**EXERCISE GOAL**.
Go to the line containing "Rumah Hoek Terawat" in the records below and print it and every following line exactly, on through the line containing "Photo showing: Ampriani, Serra", then stop.
[[ GIVEN DATA open ]]
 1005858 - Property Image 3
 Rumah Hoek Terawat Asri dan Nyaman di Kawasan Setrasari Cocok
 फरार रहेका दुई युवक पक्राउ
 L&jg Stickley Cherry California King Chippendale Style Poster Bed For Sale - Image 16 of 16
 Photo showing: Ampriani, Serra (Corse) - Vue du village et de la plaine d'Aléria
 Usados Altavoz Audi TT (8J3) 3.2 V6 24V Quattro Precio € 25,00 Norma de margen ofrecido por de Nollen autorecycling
[[ GIVEN DATA closed ]]
**EXERCISE ANSWER**.
 Rumah Hoek Terawat Asri dan Nyaman di Kawasan Setrasari Cocok
 फरार रहेका दुई युवक पक्राउ
 L&jg Stickley Cherry California King Chippendale Style Poster Bed For Sale - Image 16 of 16
 Photo showing: Ampriani, Serra (Corse) - Vue du village et de la plaine d'Aléria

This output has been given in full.